Saturday, 28 February 2009

Mackerel Fishcakes

I decided to treat myself while on my weekly trip to the supermarket. In order to keep my running costs down and force myself to buy from local producers, I've been limiting the meat and fish that I allow myself to buy during my regular trip to a certain out-of-town retailer. Meat is expensive so, although I'd never describe myself as a vegetarian, I tend to live off vegetables and pulses which the odd big of bacon thrown in for good measure. When my budget allows and my cravings get too much, I'll try to buy from the most local butcher to me. However, this week some smoked mackerel caught my eye during my usual trolley race so in it went! More often than not, smoked mackerel, for me, is a summer purchase that is eaten with salads so I was a bit lost for ideas after my first meal. Then it occurred to me: fishcakes! Here's my concoction for you to try:

Mackerel Fishcakes

Ingredients (to make eight fishcakes):
250g smoked mackerel
250g potatoes
1 beaten egg
1 tbsp plain flour
breadcrumbs

- Peel, quarter and boil potatoes until cooked through and mash.

- While this is cooking, flake the mackerel taking care to remove any bones.

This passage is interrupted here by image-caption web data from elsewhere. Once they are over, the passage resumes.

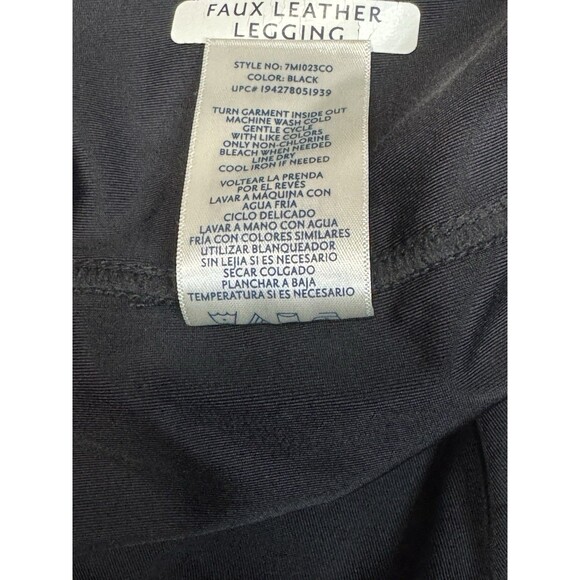 Seven Black Faux Leather Leggings Plus‎ Size XXL High Waist Size Edgy Clubwear - Picture 8 of 8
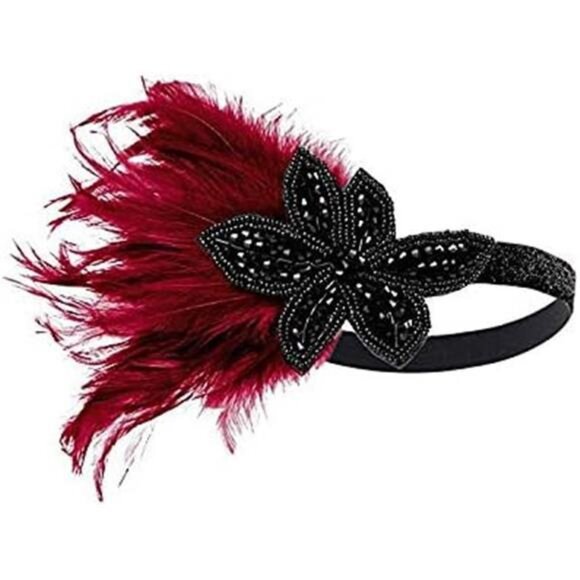 Accessories - 1920s Headpiece Great Gatsby Accessories 10wine Red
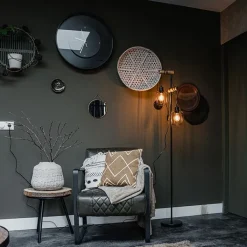 QAZQA Schlafzimmerlampen|Esszimmerlampen*Ländliche Stehlampe schwarz mit Holz 2-flammig - Stronk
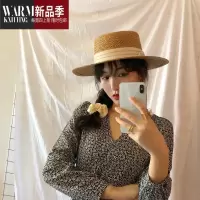 SHANCHAO网红平顶草帽女夏时尚沙滩帽遮阳复古法式平沿帽子小清新礼帽
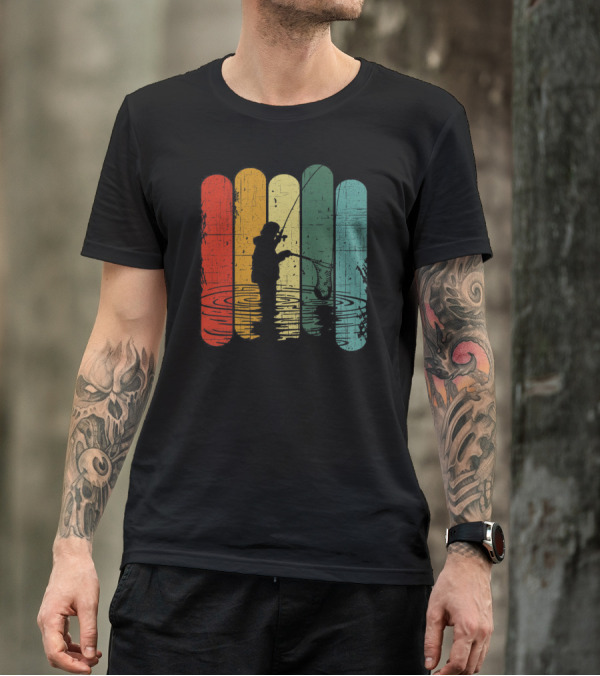 Retro Fishing Silhouette With Colorful T-Shirt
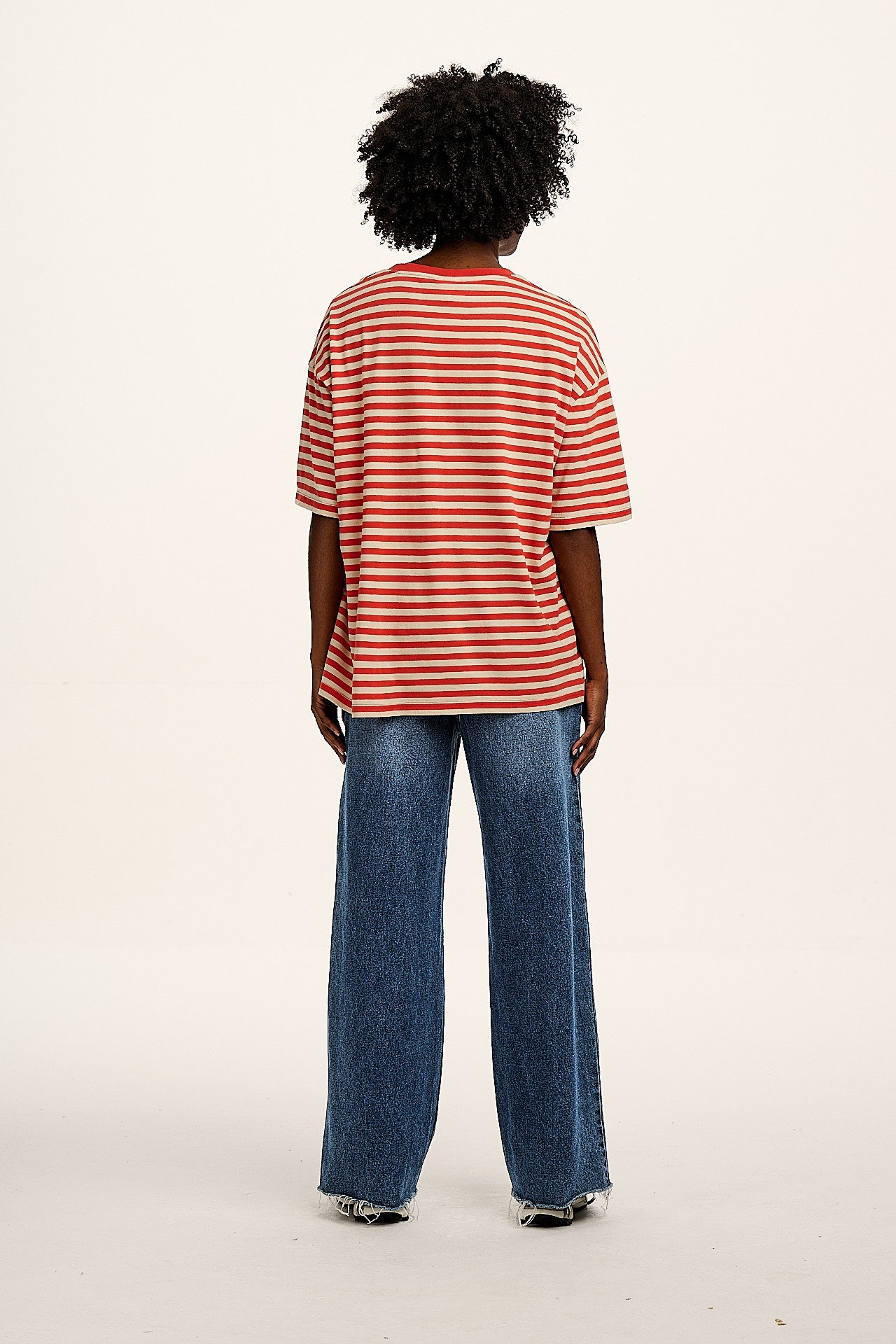Benny - Oversized Cotton T-Shirt in Red Stripe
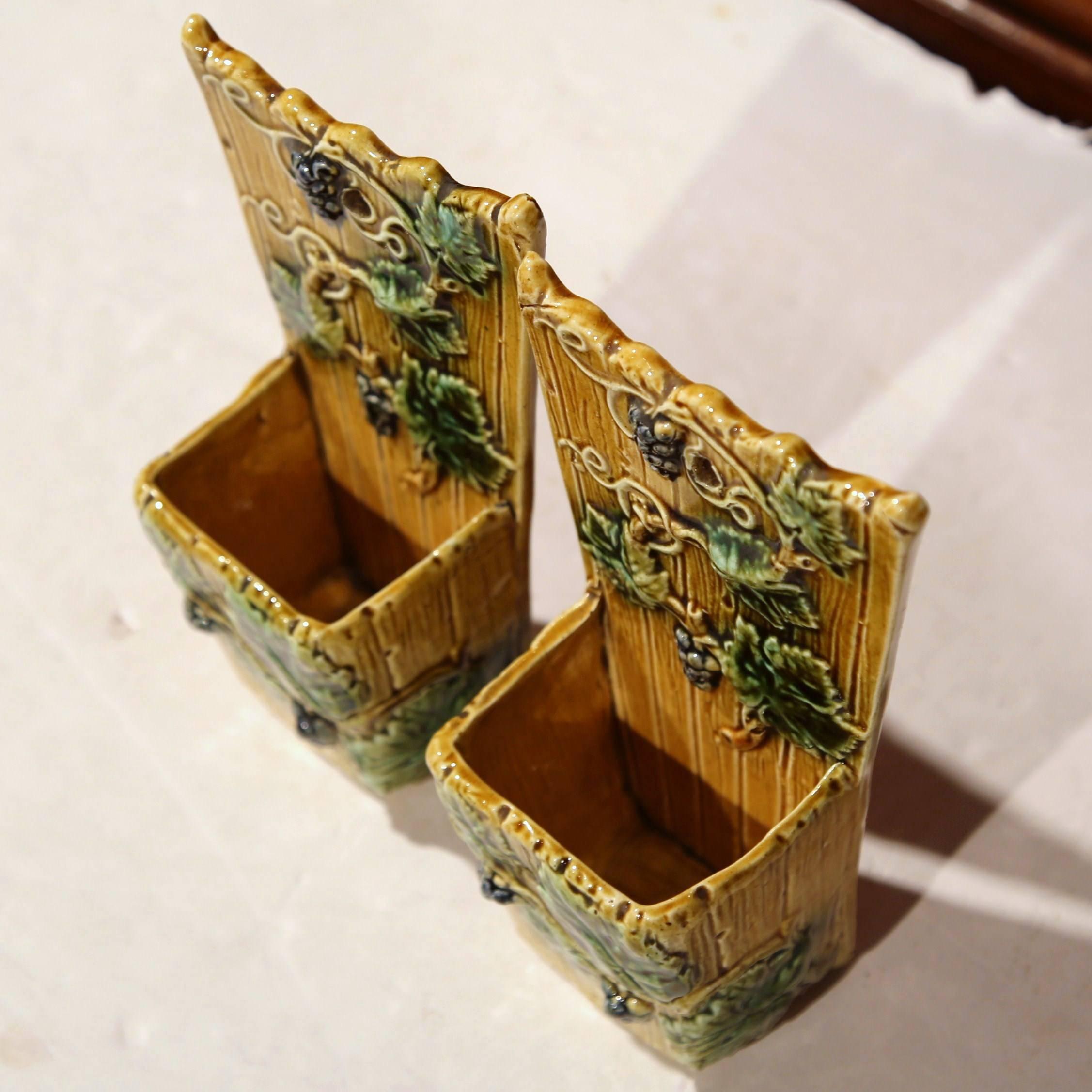 Hand-Crafted Pair of 19th Century, French Hand Painted Barbotine Wall Hanging Pocket Vases For Sale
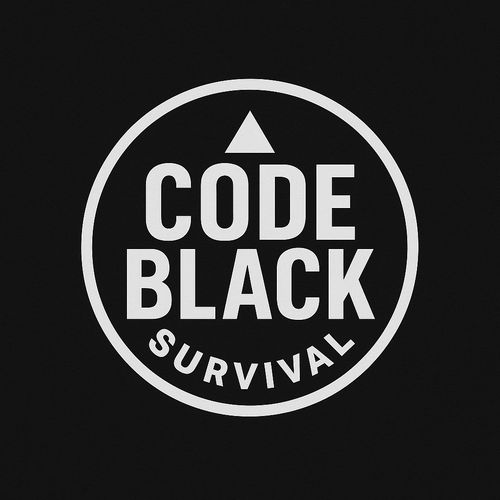 Black circle logo with 'CODE BLACK SURVIVAL' text and an upward triangle.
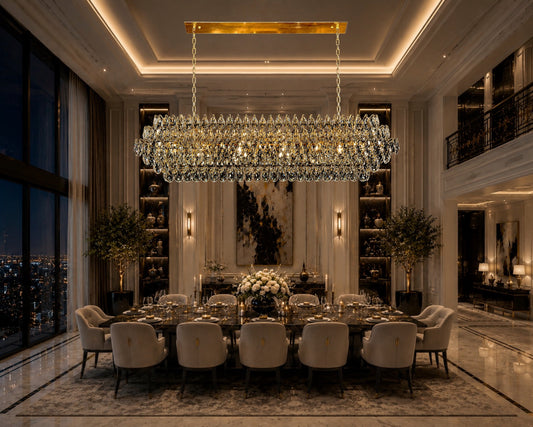 Teardrop Crystal Diamond Linear Gold Chandelier 60" - view 2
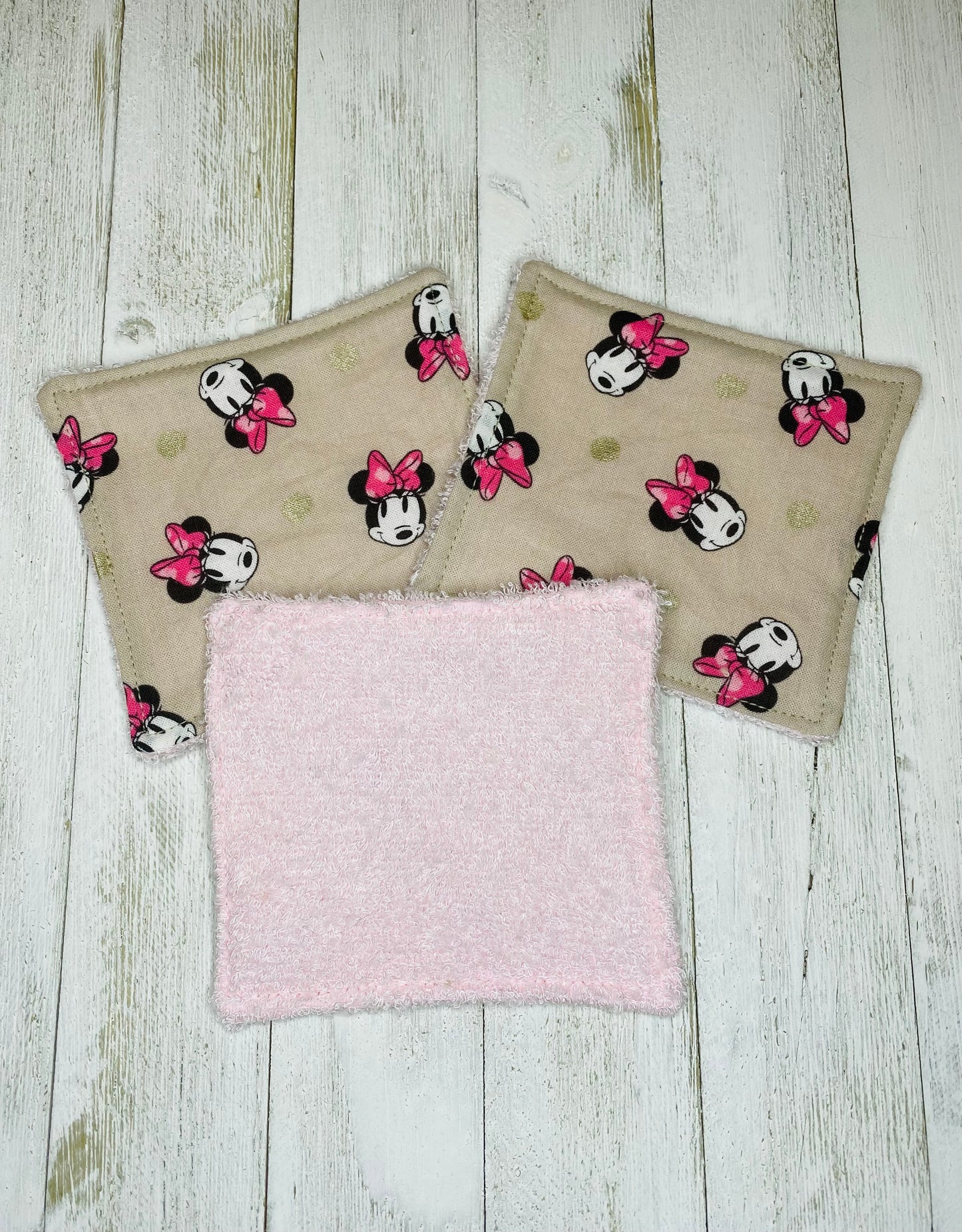 Lingettes lavables - Minnie mouse (RATINE DE BAMBOU) - Paquet de 3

- Mix the mackerel, mashed potato and about 1tbsp of beaten egg (to bind) in a bowl and form into small patties. You can do this by dividing the mixture, rolling it into balls and then flattening them slightly.

- It is probably best, at this stage, to refrigerate your fishcakes for at least half an hour to firm them up which makes the next step easier. However, if you're in a hurry, you can always skip this.

- Prepare three large plates or bowls with: a sprinkling of plain flour, the remaining beaten egg and another with breadcrumbs.

- Sparsely coat each cake with a little flour on each side, then with egg wash and then with breadcrumbs.

- Fry the fishcakes in a little oil over a medium heat for three to four minutes, turning every so often to cook evenly. The outer breadcrumbs with brown slightly. If they start to burn, lower the temperature.


Variations:
This, of course, would work with tinned tuna or salmon if you don't have mackerel. I chopped up some peppadew peppers and added them to the mixture to add some spice. You could also try a touch of dried or fresh chilli. A teaspoon of ready-made thai green or red curry paste and/or some finely chopped lemon grass or corriander would give a pleasing thai flavour. Red or green pesto could also work well.